Does the New York Times have a double standard? John LaPlante in LaPlante: NY Times leaky double-standard: “Many newspapers in America reprint articles from the New York Times on a regular basis. So their editorial slant is of importance beyond the (direct) readership of the Gray Lady. Compare and contrast how the Times treated two recent leaks: ‘The documents appear to have been acquired illegally and contain all manner of private information and statements that were never intended for the public eye, so they won’t be posted here. — New York Times, on the Climategate emails, Nov. 20, 2009. … ‘The articles published today and in coming days are based on thousands of United States embassy cables, the daily reports from the field intended for the eyes of senior policy makers in Washington. … The Times believes that the documents serve an important public interest, illuminating the goals, successes, compromises and frustrations of American diplomacy in a way that other accounts cannot match.. — New York Times, on the WikiLeaks documents, Nov. 29, 2010.” I’ll let you make the call.

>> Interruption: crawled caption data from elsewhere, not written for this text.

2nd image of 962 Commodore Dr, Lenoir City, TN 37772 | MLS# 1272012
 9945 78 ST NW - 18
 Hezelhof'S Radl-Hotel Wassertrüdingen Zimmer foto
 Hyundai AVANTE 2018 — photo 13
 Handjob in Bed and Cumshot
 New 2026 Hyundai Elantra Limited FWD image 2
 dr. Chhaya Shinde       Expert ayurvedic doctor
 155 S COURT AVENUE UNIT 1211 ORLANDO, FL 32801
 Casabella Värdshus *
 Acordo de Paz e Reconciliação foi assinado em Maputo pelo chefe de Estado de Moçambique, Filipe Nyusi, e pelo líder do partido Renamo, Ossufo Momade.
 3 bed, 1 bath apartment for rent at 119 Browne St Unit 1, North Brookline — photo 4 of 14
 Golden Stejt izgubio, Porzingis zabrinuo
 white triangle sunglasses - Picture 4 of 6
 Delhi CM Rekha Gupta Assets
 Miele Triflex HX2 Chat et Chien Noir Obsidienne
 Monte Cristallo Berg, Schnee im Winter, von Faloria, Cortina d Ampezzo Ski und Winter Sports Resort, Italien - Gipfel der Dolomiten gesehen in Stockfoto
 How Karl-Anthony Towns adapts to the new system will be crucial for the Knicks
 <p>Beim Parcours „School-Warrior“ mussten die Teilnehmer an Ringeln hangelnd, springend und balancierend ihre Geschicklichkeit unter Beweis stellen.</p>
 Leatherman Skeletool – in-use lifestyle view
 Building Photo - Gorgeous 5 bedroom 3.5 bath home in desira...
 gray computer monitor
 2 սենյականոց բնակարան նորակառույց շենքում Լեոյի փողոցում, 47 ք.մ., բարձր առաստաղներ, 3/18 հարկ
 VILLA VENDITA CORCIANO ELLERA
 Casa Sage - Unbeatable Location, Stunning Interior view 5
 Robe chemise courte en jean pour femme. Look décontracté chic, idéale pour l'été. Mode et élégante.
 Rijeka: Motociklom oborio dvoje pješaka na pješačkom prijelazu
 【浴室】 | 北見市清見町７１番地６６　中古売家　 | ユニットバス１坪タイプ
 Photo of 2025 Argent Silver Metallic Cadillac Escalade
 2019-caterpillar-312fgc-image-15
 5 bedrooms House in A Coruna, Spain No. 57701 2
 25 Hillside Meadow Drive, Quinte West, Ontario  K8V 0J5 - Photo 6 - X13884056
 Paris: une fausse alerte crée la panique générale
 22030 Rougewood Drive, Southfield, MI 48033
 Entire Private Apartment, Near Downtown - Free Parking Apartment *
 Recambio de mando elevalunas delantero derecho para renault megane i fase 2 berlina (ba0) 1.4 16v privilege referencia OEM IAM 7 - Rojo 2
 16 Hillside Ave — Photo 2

Wichita Eagle Opinion Line. “The party of the wealthy triumphs again. Congratulations, Republican voters. By extending the handout to the wealthy, you just increased the national debt.” I would say to this writer that action to prevent an increase in income tax from occurring is not a handout. The only way that extending the present tax rates qualifies as a handout is if you believe that the income people earn belongs first to government. This is entirely backwards and violates self-ownership. Further, the national debt — actually the deficit — has two moving parts: the government’s income, and its spending. We choose as a nation to spend more than the government takes in. That is the cause of the deficit.